Prefetch() with through models

129 views
Skip to first unread message

Erik Cederstrand

unread,
Sep 16, 2015, 8:54:13 AM9/16/15
to Django Users
Hi folks,

I'm working on a school timetable app. I want to fetch hundreds of thousands of Lesson instances with prefetched m2m relations (e.g. subjects). My m2m relations use through models (I'm not sure this actually makes a difference here), and I'm running into performance issues because the prefetch query does something along the lines of "SELECT ... FROM lesson_subjects WHERE lesson_id IN [insane_list_of_lesson_ids]".

The initial query on Lesson uses a properly indexed filter on e.g. dates, so I thought I'd try to use the same filter to get the related Subjects via the relation to Lessons:

qs = Subject.objects.filter(lessons__school_id=8, lessons__start__lt=datetime(2015, 8, 1))
Lesson.objects.filter(school_id=8, start__lt=datetime(2015, 8, 1))\
.prefetch_related(Prefetch('subjects', queryset=qs))
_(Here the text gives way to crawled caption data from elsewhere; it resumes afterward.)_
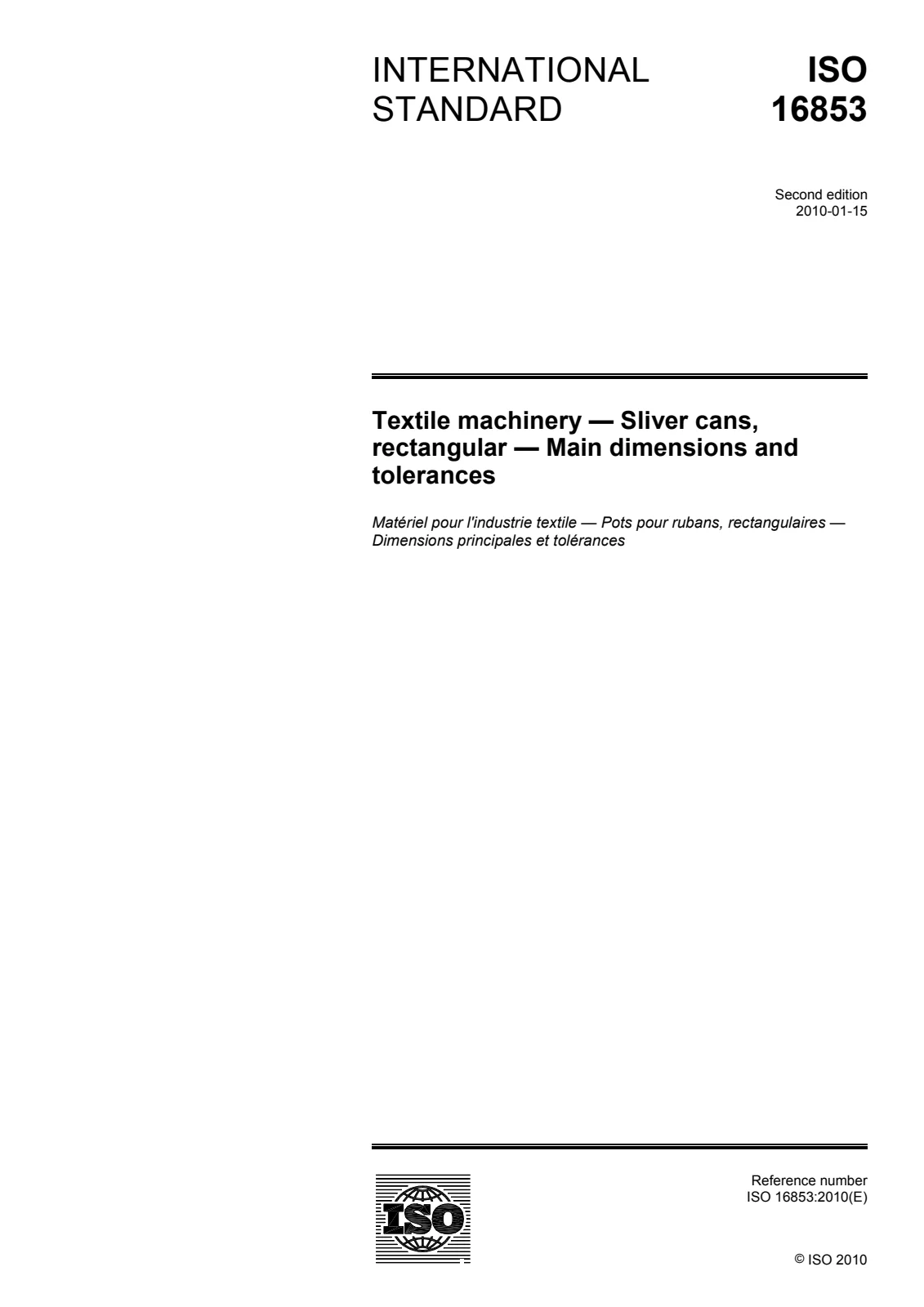 First page of standard ISO 16853:2010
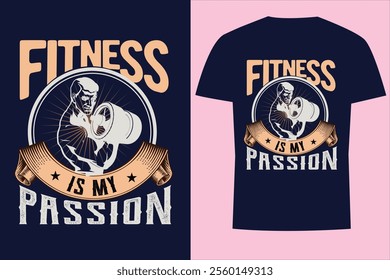 Fitness T-shirt Design, Fitness Fanatic Tee, Gym T-shirt Design

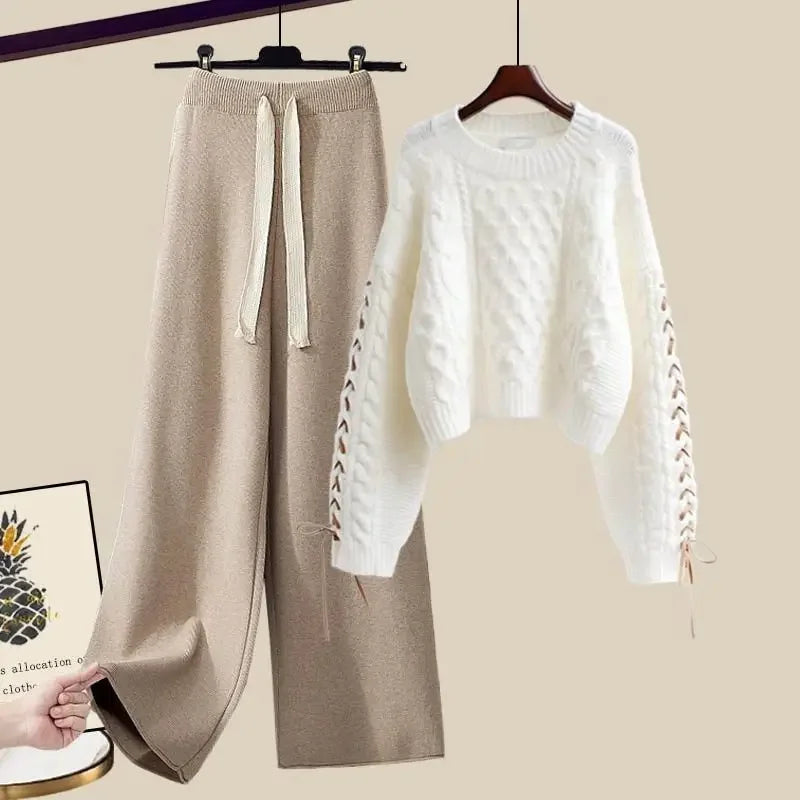 Heidi-Mode | Zweiteiliges Set für Frauen mit Pulli und Weitem, Bequemen und Warmen Hosen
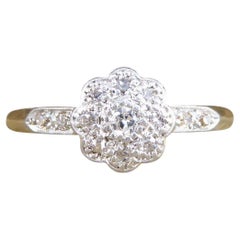 Dainty Edwardian Daisy Diamond Cluster Ring Crafted in 18ct Yellow Gold and Plat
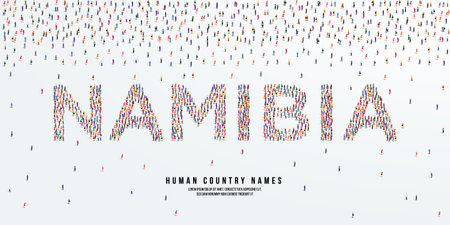 Human country name Namibia. large group of people form to create country name Namibia. vector illustration.のイラスト素材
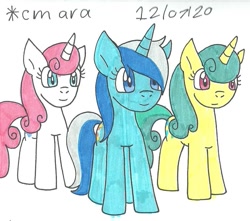 Size: 1003x888 | Tagged: safe, artist:cmara, lemon hearts, minuette, twinkleshine, pony, unicorn, g4, female, mare, simple background, traditional art, trio, white background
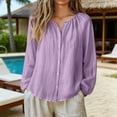 thumbnail image 2 of Chuancc Women 2026 Loose Fit Tops,Cotton Linen Dress Shirts Loose Fit Casual V-Neck Tops Slim Fit Going Out Fall Blouse Women'S Tops, Tees & Blouses T Shirts for Women Trendy Light Violet S, 2 of 6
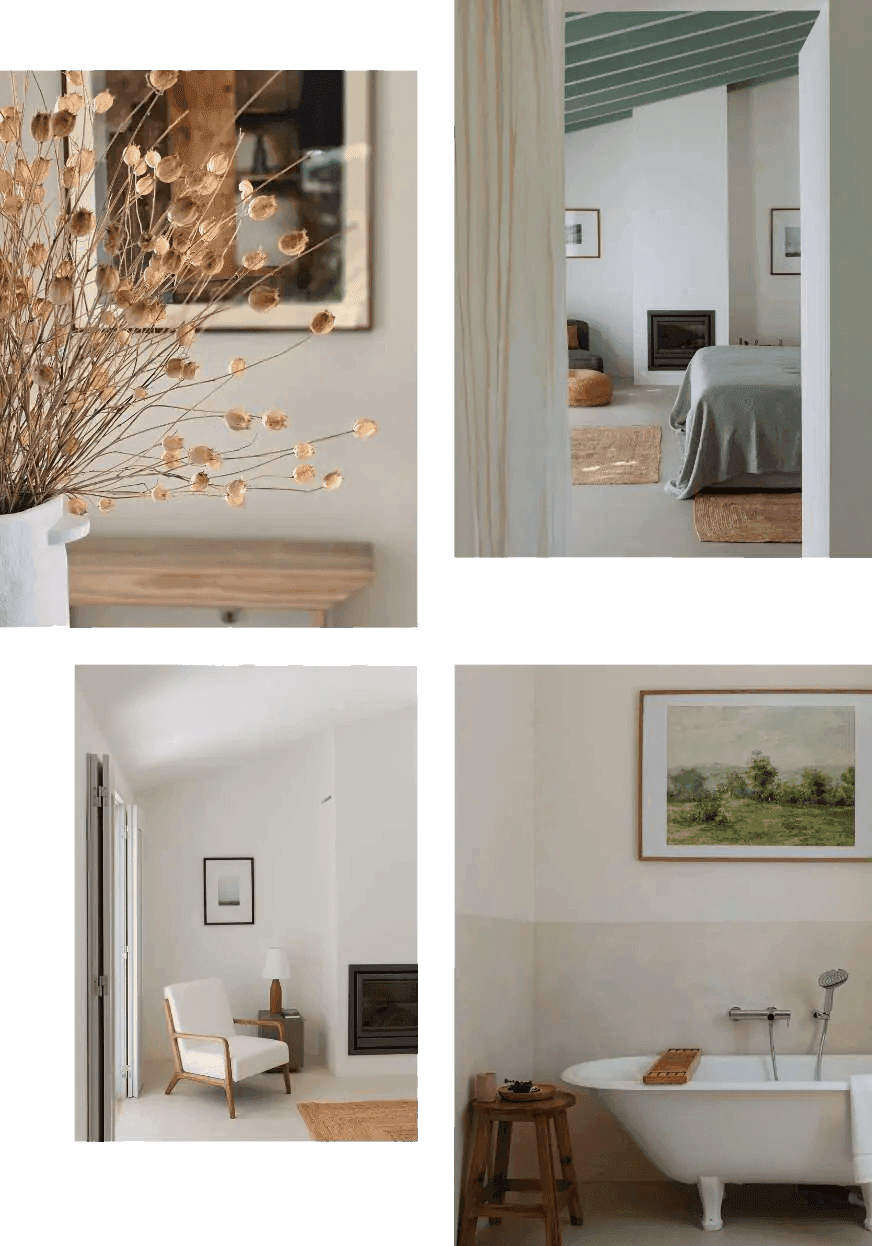Four interiors from the houses: a bedroom, a sitting room with a fireplace, a bathroom with a roll-top bath, and dried flowers on a console
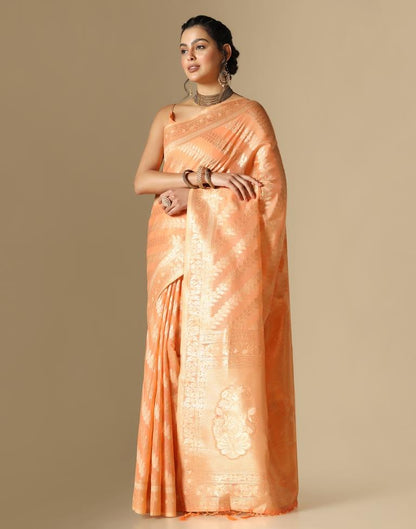 Orange Banarasi Cotton Saree | Leemboodi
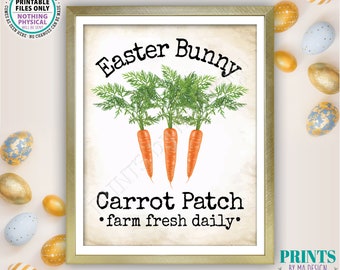 Easter Bunny Carrot Patch Sign, Cute Easter Decoration, PRINTABLE 8x10/16x20” Easter Sign, Carrot Illustration, Old Newsprint <ID>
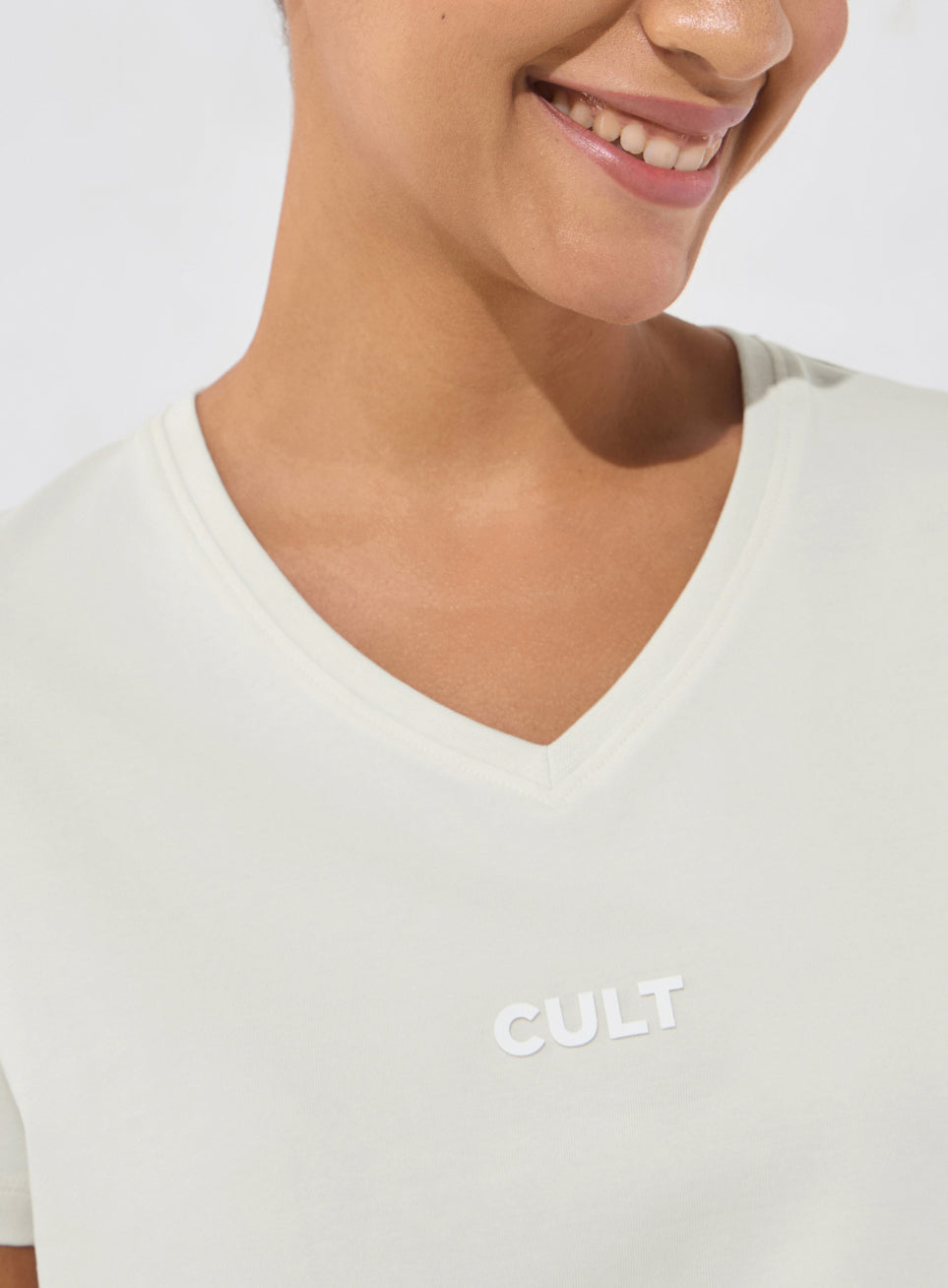 Women's Off-White Soft Form V-Neck T-shirt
I can see that the extra filters are added to the prefetch query, but the huge IN clause is still there.

Am I using Prefetch() wrong? Are there any other techniques to avoid the huge IN clause in prefetch queries?

Thanks,
Erik

Simon Charette

unread,
Sep 16, 2015, 5:08:31 PM9/16/15
to Django users
Hi Erik,

I think the prefetch api uses IN [id1, ..., idn] instead of IN (SELECT * ...)
because the default isolation level Django runs with is READ COMITTED
and using the latter could return different results for the second query.

e.g.

SELECT id FROM foo WHERE bar = true;
-- An other transaction changes a matching row from bar = true to false.
SELECT id, foo_id FROM baz WHERE foo_id IN (
    SELECT id FROM foo WHERE bar = true
);

If you want to use this approach I'm afraid you'll have to do
what prefetch_related does under the hood by yourself.

e.g.

from collections import defaultdict

prefetched = defaultdict(list)
subjects = Subject.objects.filter(...)
lessons = Lesson.objects.filter(...)
for lesson_subject in Lesson.subjects.through.objects.filter(lesson__in=lessons, subject__in=subject).select_related('subject').iterator():
    prefetched[lesson_subject.lesson_id].append(lesson_subject.subject)

Simon

Mike Dewhirst

unread,
Sep 16, 2015, 11:23:45 PM9/16/15
to django...@googlegroups.com
On 16/09/2015 9:53 AM, Erik Cederstrand wrote:
> Hi folks,
>
> I'm working on a school timetable app. I want to fetch hundreds of
> thousands of Lesson instances with prefetched m2m relations (e.g.
> subjects). My m2m relations use through models (I'm not sure this
> actually makes a difference here), and I'm running into performance
> issues because the prefetch query does something along the lines of
> "SELECT ... FROM lesson_subjects WHERE lesson_id IN
> [insane_list_of_lesson_ids]".

I'm no expert so I'm wondering if len([insane_list_of_lesson_ids]) ==
"hundreds of thousands"?

And if there are that many involved, why wouldn't the infrastructure
groan and creak a little?

I'm not much help but I do remember many years ago a school timetable
programming guru who told me they are definitely not trivial. I think he
was referring to timetable creation given enrolments, student
preferences, curriculum/course requirements, availability of teachers
and location of campuses. One of the main issues (ISTR) was memory - or
lack of it.

Someone other than me is going to have to help on this but I am
interested in the solution.

Good luck

Mike

Erik Cederstrand

unread,
Sep 17, 2015, 7:08:18 AM9/17/15
to Django Users

> Den 16/09/2015 kl. 16.45 skrev Mike Dewhirst <mi...@dewhirst.com.au>:
>
> On 16/09/2015 9:53 AM, Erik Cederstrand wrote:
>> Hi folks,
>>
>> I'm working on a school timetable app. I want to fetch hundreds of
>> thousands of Lesson instances with prefetched m2m relations (e.g.
>> subjects). My m2m relations use through models (I'm not sure this
>> actually makes a difference here), and I'm running into performance
>> issues because the prefetch query does something along the lines of
>> "SELECT ... FROM lesson_subjects WHERE lesson_id IN
>> [insane_list_of_lesson_ids]".
>
> I'm no expert so I'm wondering if len([insane_list_of_lesson_ids]) == "hundreds of thousands"?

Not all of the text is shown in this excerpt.